§ **What you should do**: Skip pictures in the listing below; copy exactly the lines from the one with "verybusymonkey little leafy socks" through the one with "Ukrán katonák franciaországi", inclusive.

§ **Data to use**:
========================

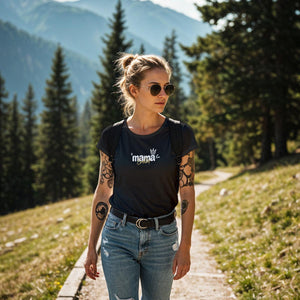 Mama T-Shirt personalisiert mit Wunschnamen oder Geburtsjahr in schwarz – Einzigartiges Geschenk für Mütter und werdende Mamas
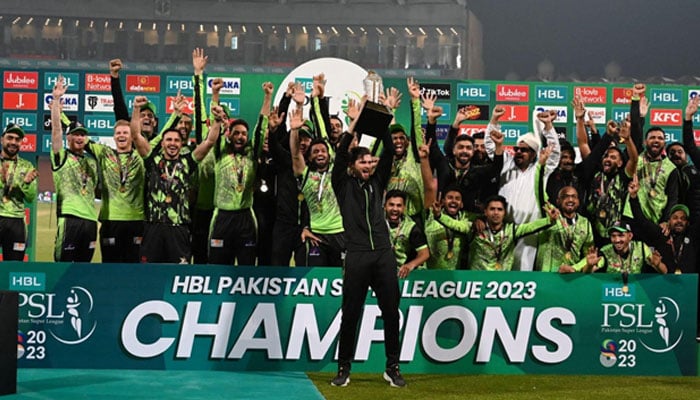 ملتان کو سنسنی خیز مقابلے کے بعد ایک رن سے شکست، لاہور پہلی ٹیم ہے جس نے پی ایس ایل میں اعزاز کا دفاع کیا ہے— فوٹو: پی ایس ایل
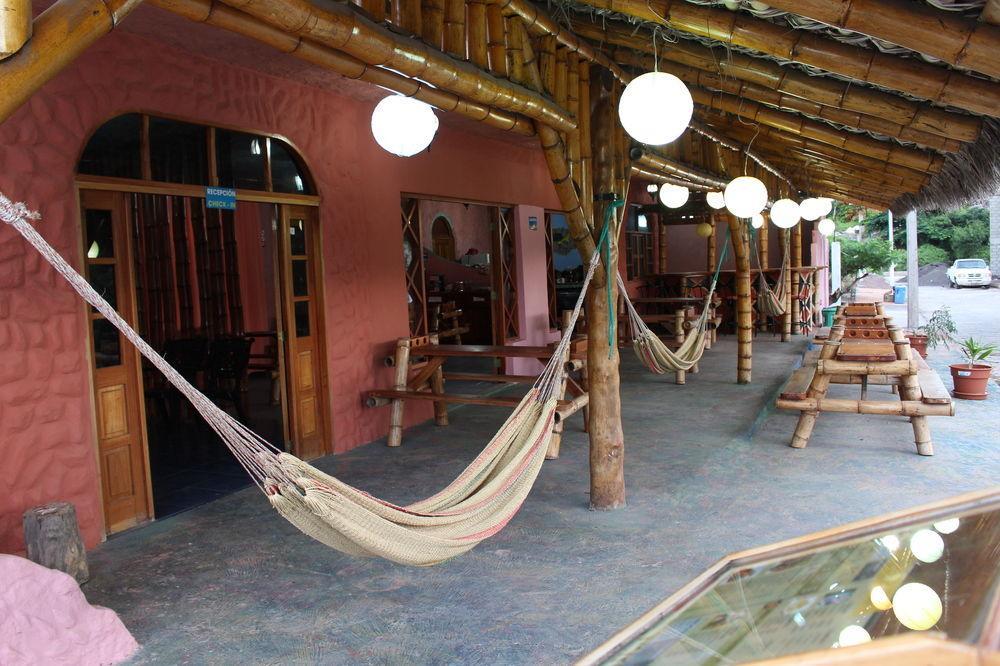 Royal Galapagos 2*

========================

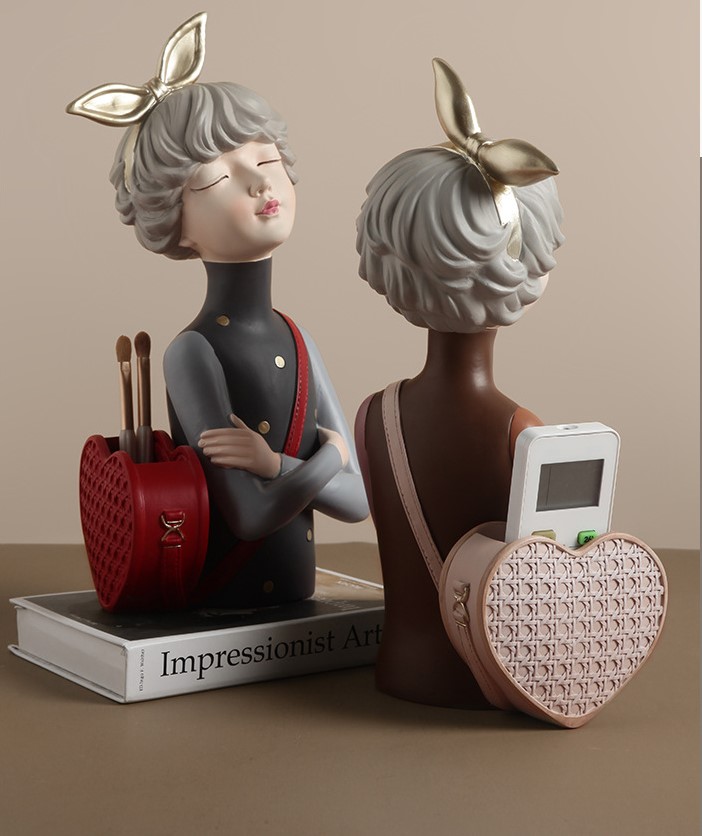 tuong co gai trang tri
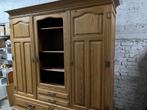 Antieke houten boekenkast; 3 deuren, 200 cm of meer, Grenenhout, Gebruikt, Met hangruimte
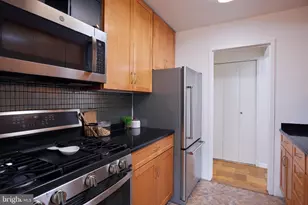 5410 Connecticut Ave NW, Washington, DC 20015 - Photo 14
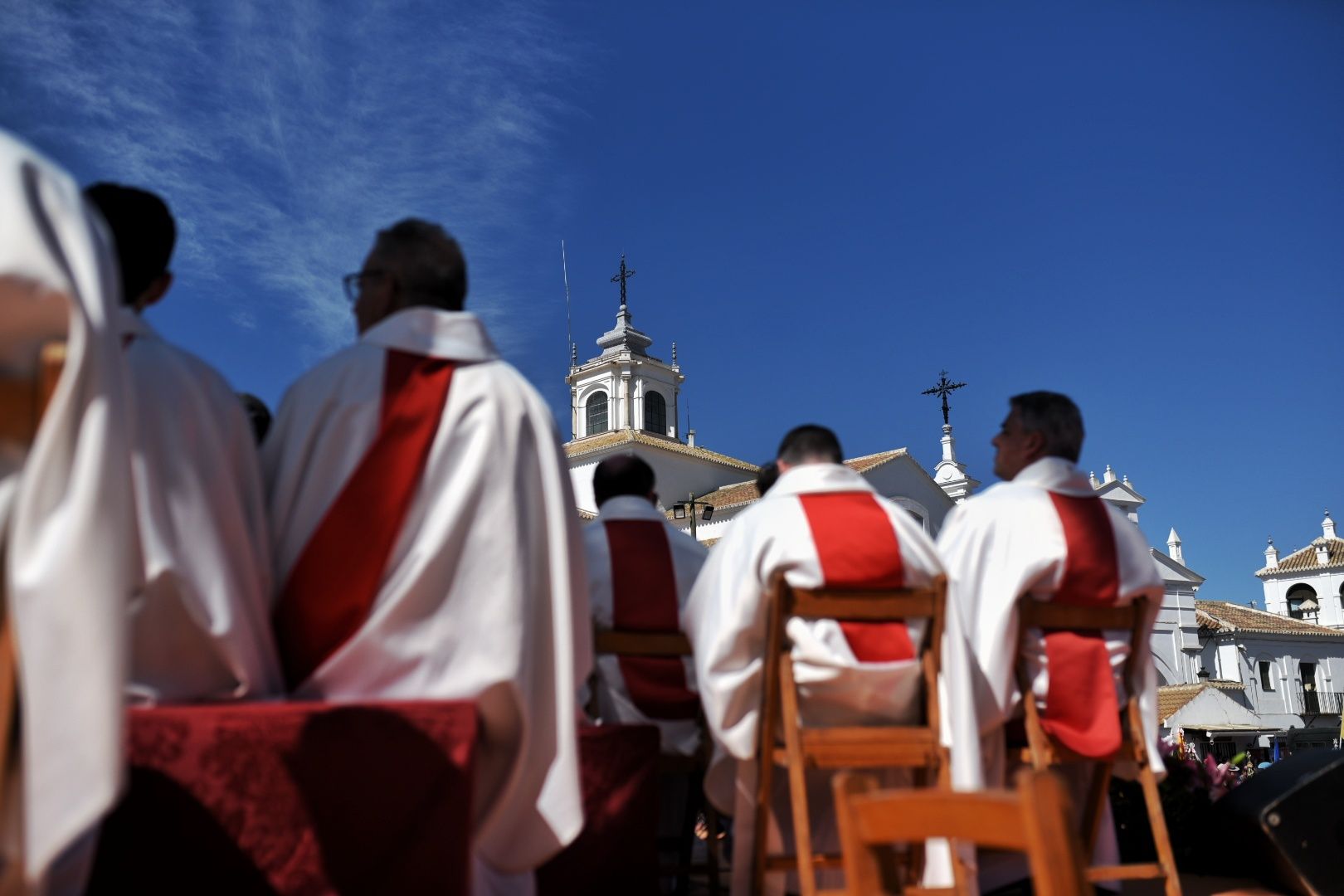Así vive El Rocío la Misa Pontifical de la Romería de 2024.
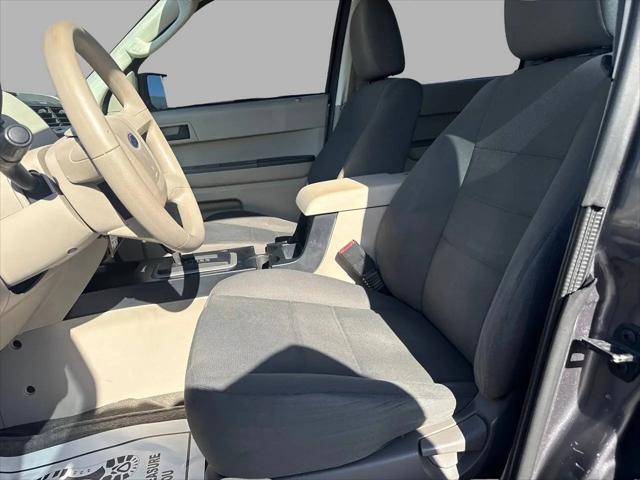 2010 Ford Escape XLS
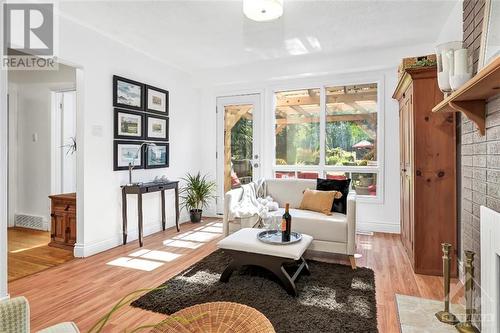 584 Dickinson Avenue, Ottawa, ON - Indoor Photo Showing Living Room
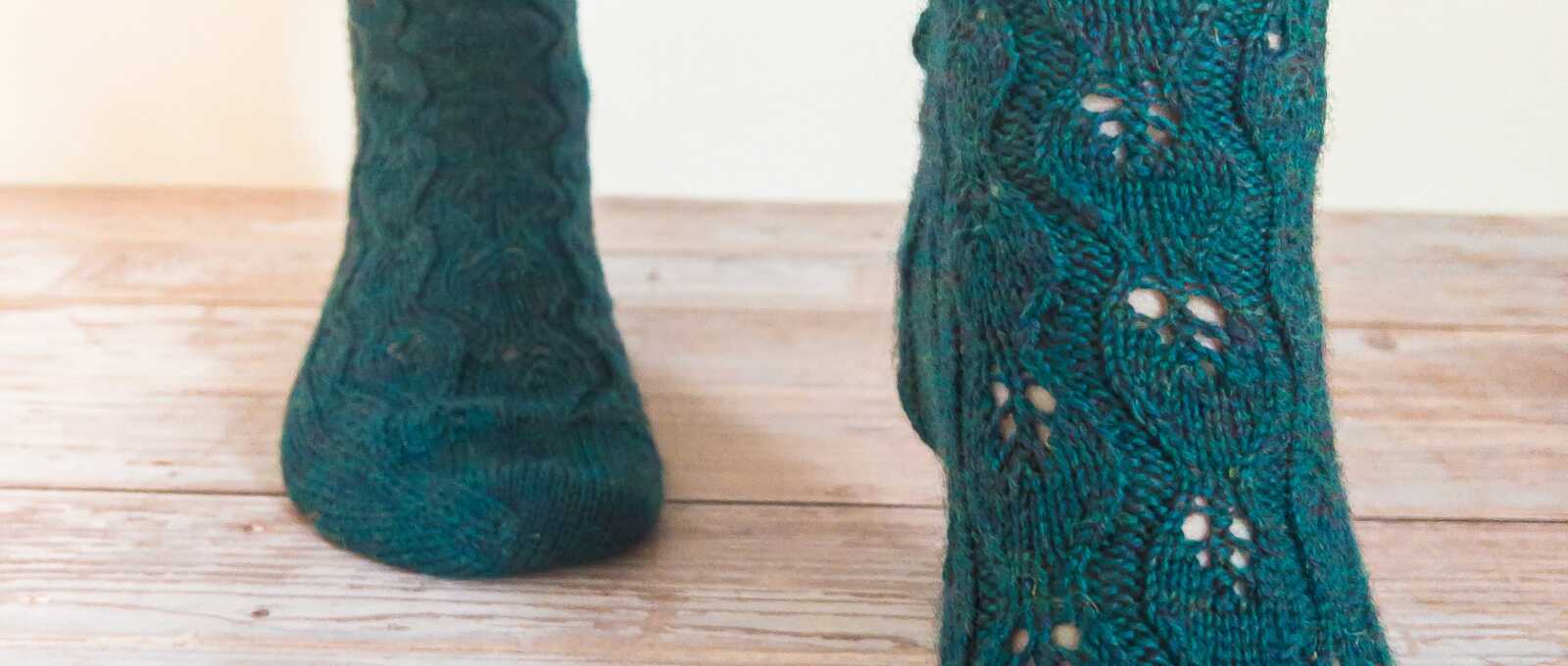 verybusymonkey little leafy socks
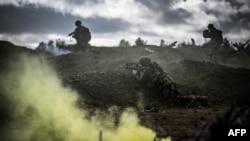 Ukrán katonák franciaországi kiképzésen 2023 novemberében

========================

§ **Your solution**:
 verybusymonkey little leafy socks
 Ukrán katonák franciaországi kiképzésen 2023 novemberében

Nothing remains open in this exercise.